Note 2: If the payee company name ends in ‘Limited’ instead of ‘Ltd’, you may be liaising with a Hong Kong-registered entity. For Hong Kong offshore accounts, check that the beneficiary’s name matches that of the Chinese mainland entity.
– Make sure the location of the recipient bank is in the same Mainland China province where the company is registered.
– Watch out for offshore accounts held in Mainland China. To check this, look at the bank account number. It should contain only numbers and be 19 digits long. If the account has a 3 letter prefix, it is an offshore account. If there are any issues with your shipment, an offshore entity will take no responsibility.
Are there Scams when making T/T Payments to China?
Yes. Avoid scams by doing background checks when using bank transfers. In Alibaba, only liaise with pre-approved suppliers. Do not use Western Union to pay suppliers.
Which Details do you need to Make T/T Payment to China?
The most important information required for a T/T payment to China is:
– Your own details: name and bank account details.
– Recipient details: name, address and contact information.
– Account numbers and routing numbers of the parties and financial institutions involved.
– The total sum of money transferred.
– If applicable, the transfer provider details (Western Union, PayPal, etc).
– You may also need your supplier IBAN number or SWIFT code.
In case you Submit Wrong Details when making T/T Payment to China, What can you Do?
Contact your bank immediately. If the funds were not deposited in the recipient’s account, you might be able to make corrections. There may be extra costs involved depending on the mistake. Be extra careful when entering details to avoid errors.

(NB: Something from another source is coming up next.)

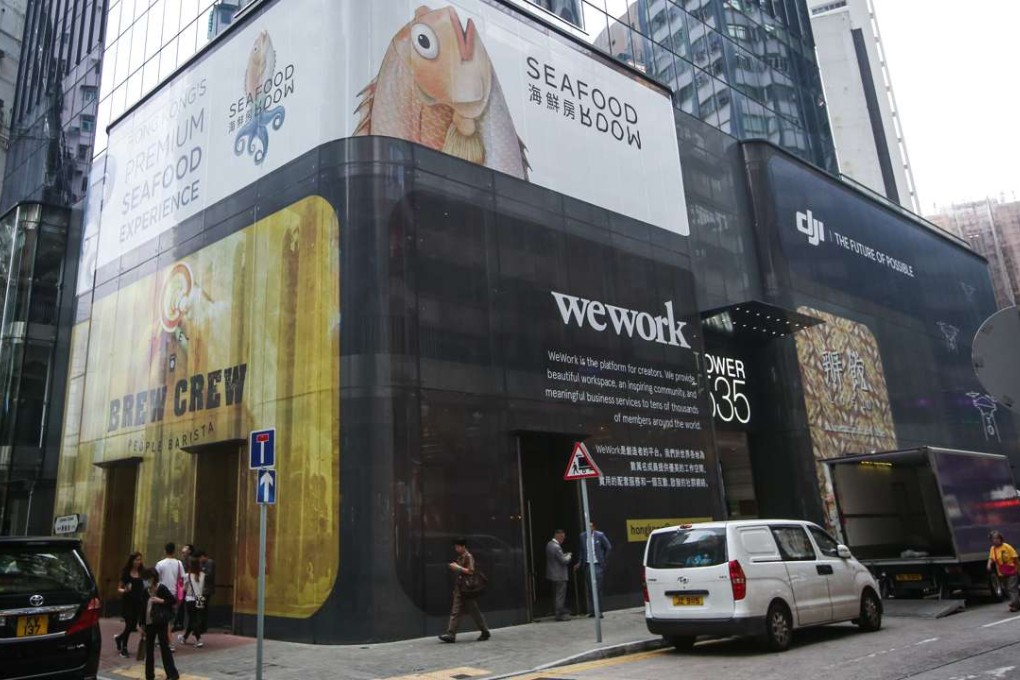WeWork Tower 535 on Jaffe Road. Photo: Sam Tsang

If a Supplier Cancels Order after making T/T Payment to China, What can you Do?
Contact your bank immediately. If the funds were not deposited in the recipient’s account, you might be able to cancel the transaction. If the money went through, contact your supplier to discuss your order or arrange a refund. If you are working with a third party such as Alibaba or PayPal, you can ask them to mediate. The same applies if you did the payment with a credit card.
Can you make a T/T Payment to China in Chinese Yuan?
Yes. You can make a Telegraphic Transfer in your local currency or in Chinese Yuan. The latter means less fees and happier suppliers. Yet this is not possible with all banks, so check with yours before committing to these terms.